Certains pays sont associés de façon viscérale à des boissons. Quand on dit vin, on pense souvent à la France, mais n’oublions pas tout de même que de nombreux autres pays en produisent de très bons. Quand on dit vodka, on pense à la Pologne ou à la Russie, ces grandes étendues balayées par des vents froids où l’on se réchauffe en buvant de bonne rasade de cette eau-de-vie. Quand on entend bière, on l’associe généralement à l’Allemagne, les Pays-Bas ou bien les pays du Royaume-Uni. Et qu’en est-il du saké ?

 

Bien entendu, le saké est inhérent au Japon. Aller au Japon, sans en boire, est une faute majeure tellement il est facile d’en trouver. Dans les supérettes, on peut même en trouver sous forme de brique comme si c’était du jus de fruit. Même si l’alcool de riz est un élément national représentatif de l’archipel nippon, ses ventes s’effritent progressivement depuis plus de 40 ans.
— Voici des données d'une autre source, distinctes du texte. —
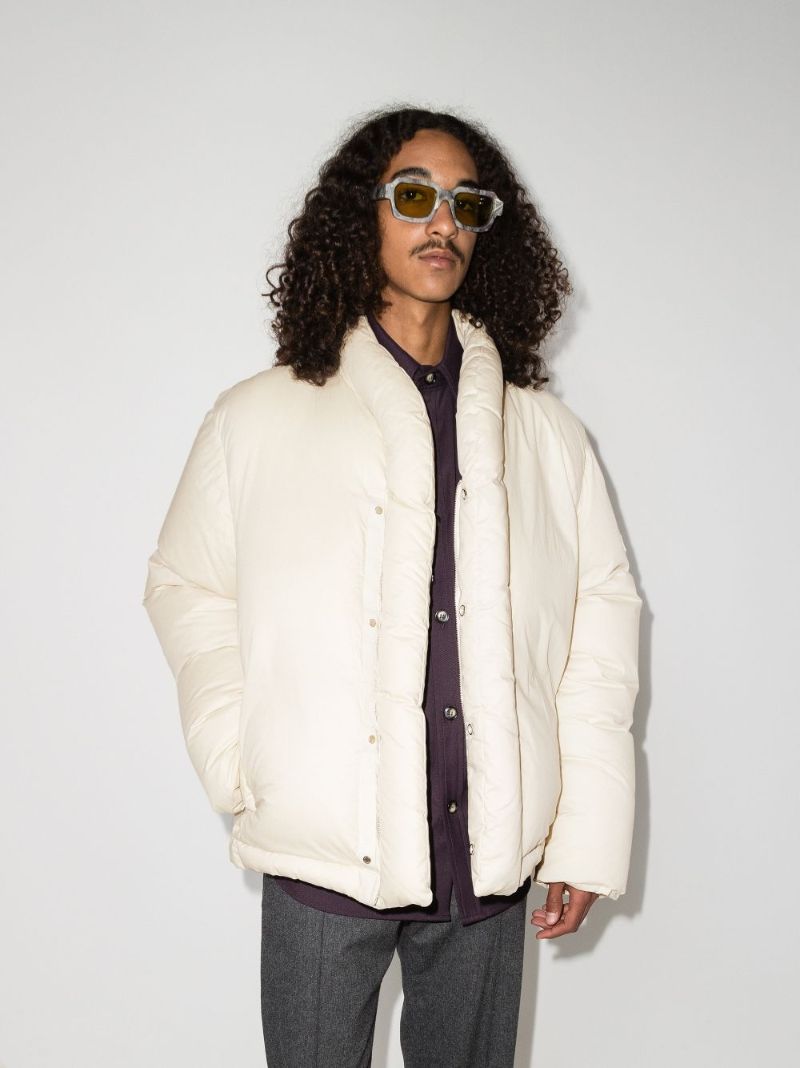Kimono Padded Jacket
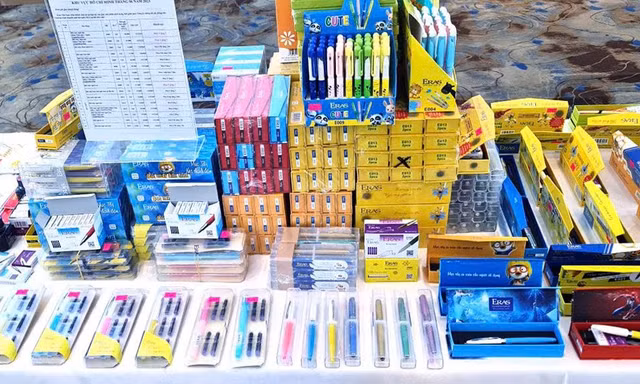 ERAS Việt Nam: Gần 10 năm phát triển thương hiệu văn phòng phẩm Việt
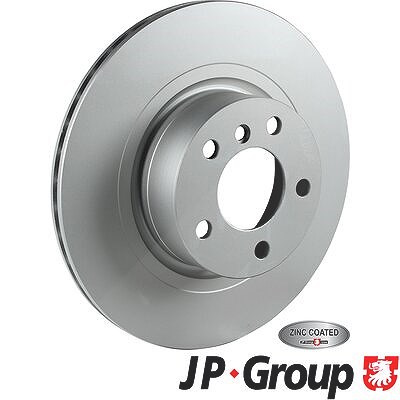 Jp Group Bremsscheibe [Hersteller-Nr. 1463205200] für BMW von JP GROUP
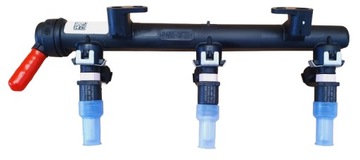 LISTWA WTRYSKOWA WTRYSKIWACZE VW 04C133313AH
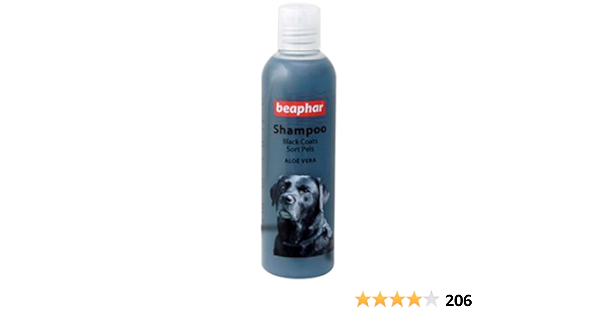 beaphar patina shampoo
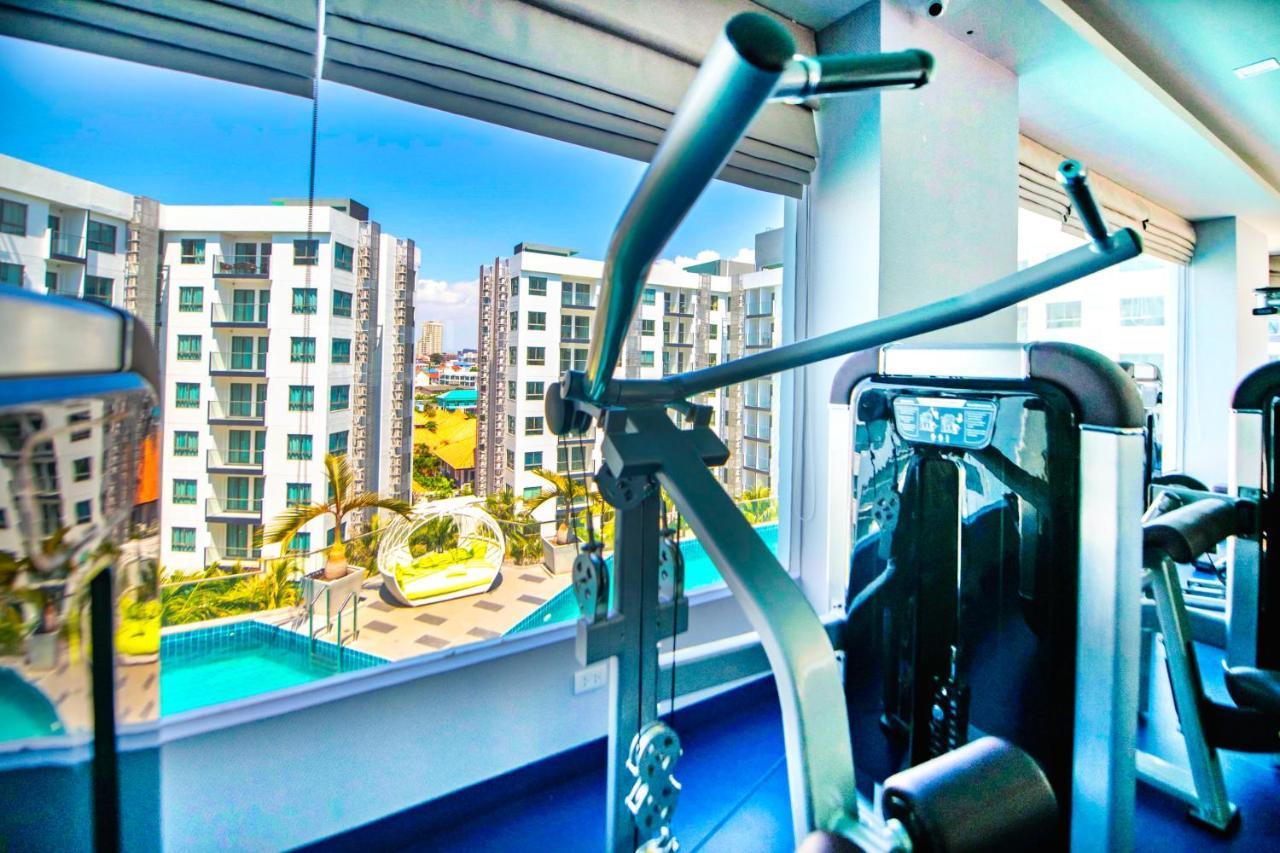 Arcadia Beach Resort 파타야 외부 사진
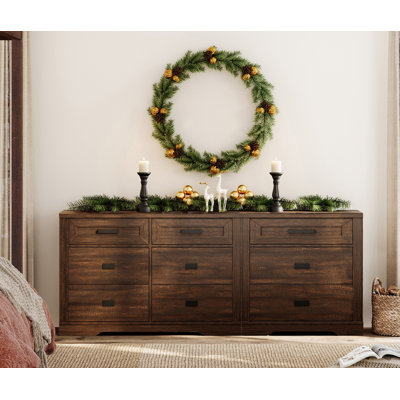 Laziza 9 - Drawer Dresser
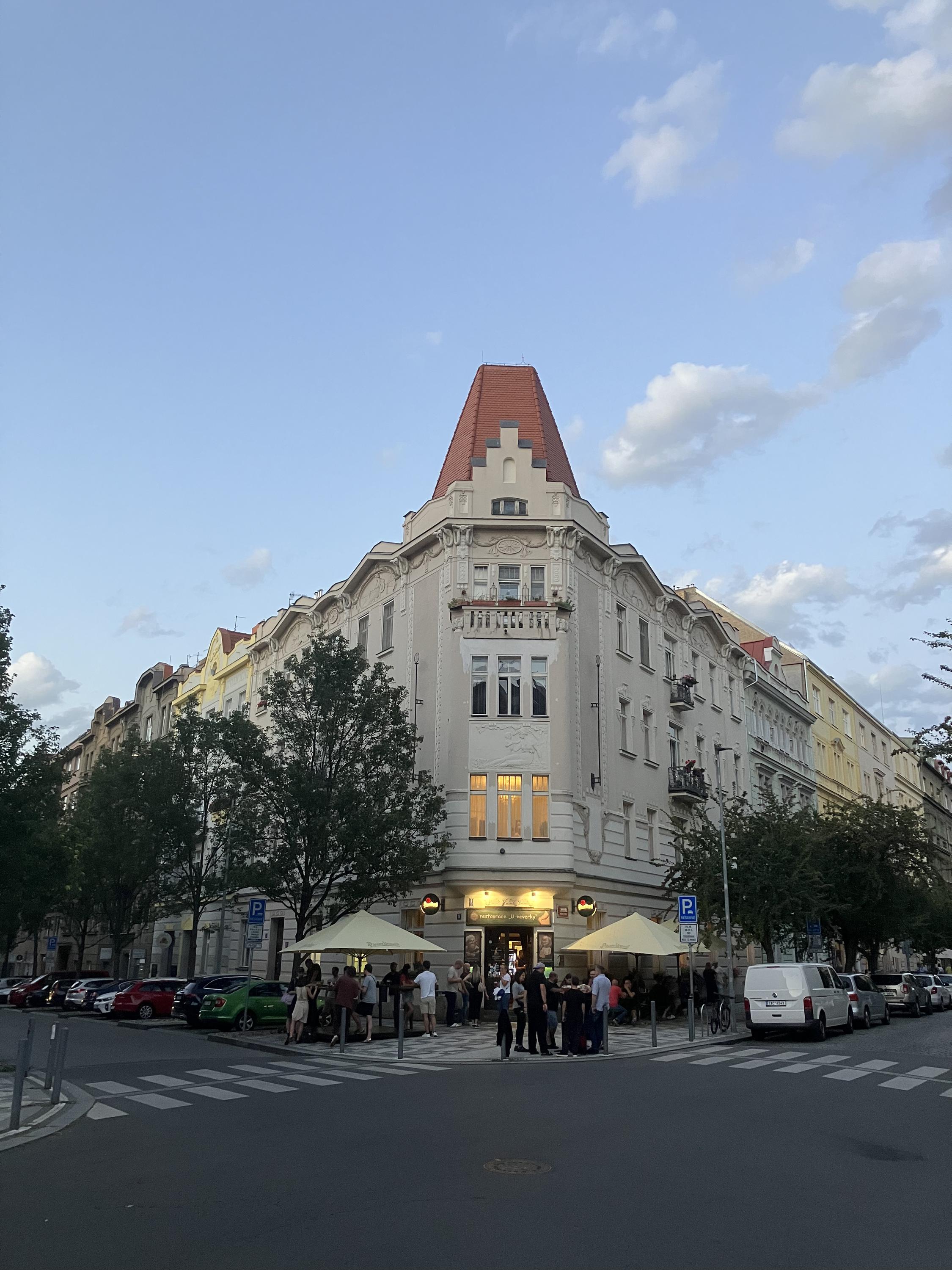 Restaurace U Veverky foto 2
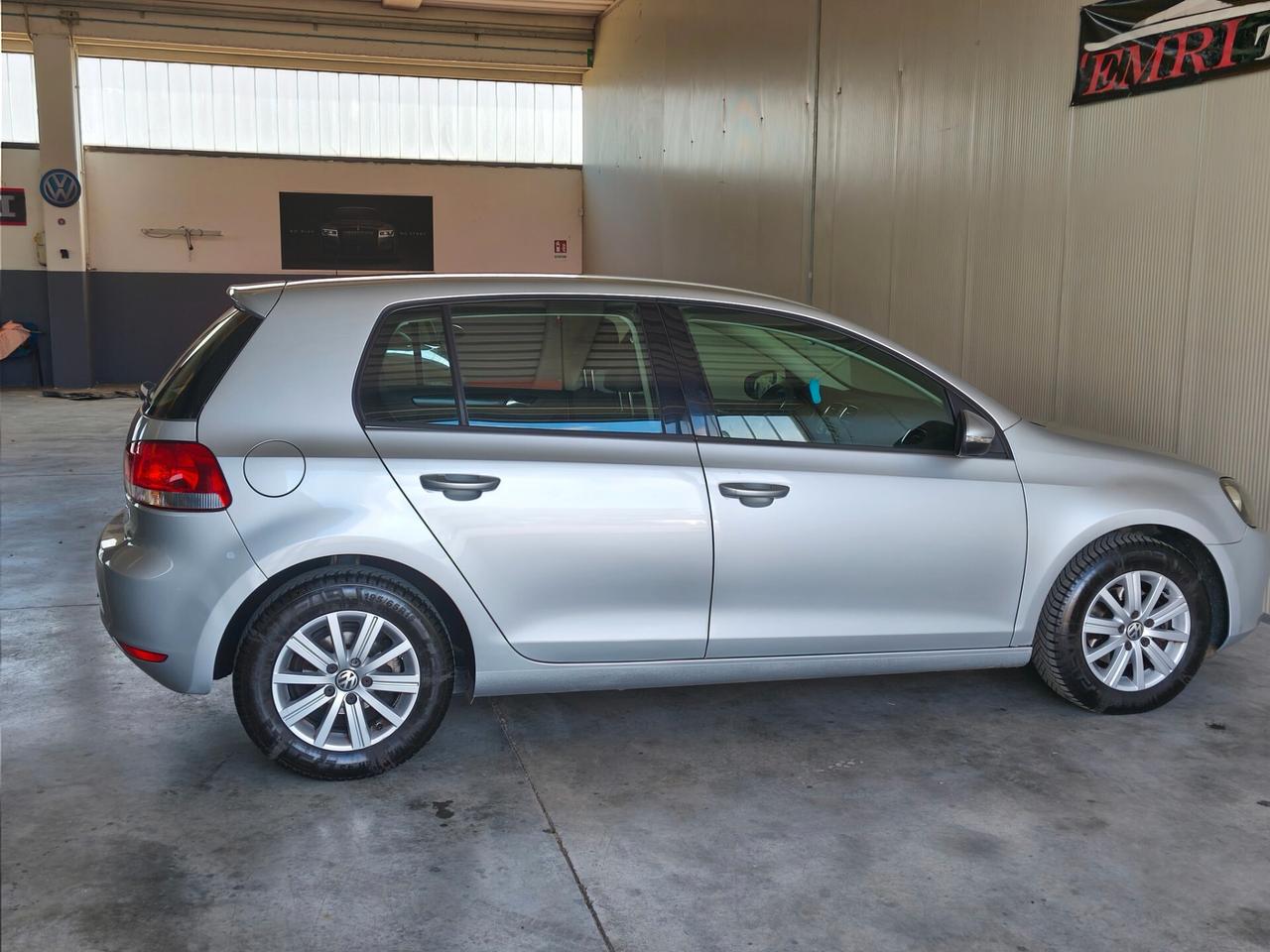 Volkswagen Golf 1.6 TDI , 105cv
Chaque année, elle décroit de 3 à 5%, ainsi, en 2009, on buvait 3 fois moins  de saké qu’en 1975. Un désamour qui s’explique par le simple fait que les jeunes ne sont pas séduits, ils lui préfèrent de nouveaux alcools en plein développement tel que l’Umeshu, une liqueur de prunes. Les buveurs traditionnels se détournent également du saké, cédant aux vapeurs envoutantes du whisky. Pour l’inconscient collectif, le saké est associé aux fêtes rituelles et aux occasions uniques comme les mariages, les anniversaires ou bien le Nouvel An. Les temples et les mausolées, les lieux de cultes en général, sont des gros consommateurs de saké.

 

La chute semblait inévitable, longue mais assurée, si un coup du sort n’avait pas enrayé la mécanique. Un regard sur les chiffres de ventes nous montre qu’elles repartent à la hausse depuis avril 2011. Comment cette inversion des tendances a-t-eu lieu ? A toute chose malheur est bon, dit-on, et cela a tendance à se prouver avec le cas du saké. Un grand élan de solidarité envers les victimes du tsunami s’est manifesté peu après la catastrophe. Dans la région sinistrée, ce sont plusieurs dizaines de distilleries qui ont été détruites, certaines pluri centenaires dont la survie ne dépend que de la vente de leurs bouteilles. Les flots noirâtres ont submergé tout le matériel nécessaire à la confection, réservoirs, machines, greniers à riz et ce sont plus de 30000 flacons qui sont perdus à jamais dont certains destinés aux noces princières anglaises.

 

Afin d’aider les propriétaires des fabriques, des « sake parties » ont été organisées à travers tout le territoire. Un geste solidaire pour participer, tout en trinquant, à la reconstruction de la région ravagée. Pour les cultivateurs, ce fut un véritable coup dur, la période de production s’est arrêtée en plein milieu, à cela, ils ont dû faire face aux restrictions gouvernementales liées à la radiation des sols. Une vague de nationalisme a succédé à la vague mortelle, un patriotisme dans le bon sens du terme, une défense des éléments propres au patrimoine culturel du Japon. Le saké ne pouvait pas mourir, il doit vivre aussi longtemps que le pays vivra. Le saké c’est un savoir-faire ancestral, une technicité voilée de mystères se transmettant de génération en génération, chaque école à sa particularité et ses propres arcanes. La mort de ce breuvage équivaudrait à la disparition de tout un pan patrimonial. Une chose impensable.

 

Cependant, malgré toute ces bonnes volontés, beaucoup d’ateliers restent porte closes, la régénération est en marche mais elle prend forme lentement. Une allure digne de la façon dont il faut boire cet alcool, tout en douceur, en le sirotant. L’optimisme est au rendez-vous, fort de ce succès, les investissements reviennent et de plus en plus de jeunes talents se tournent vers cet artisanat. Depuis quelques mois, le mouvement suit sa course, les clients dans les restaurants choisissent pour accompagner leur repas, en digestif ou sur la durée du dîner, un bon verre de saké. Kampaï !!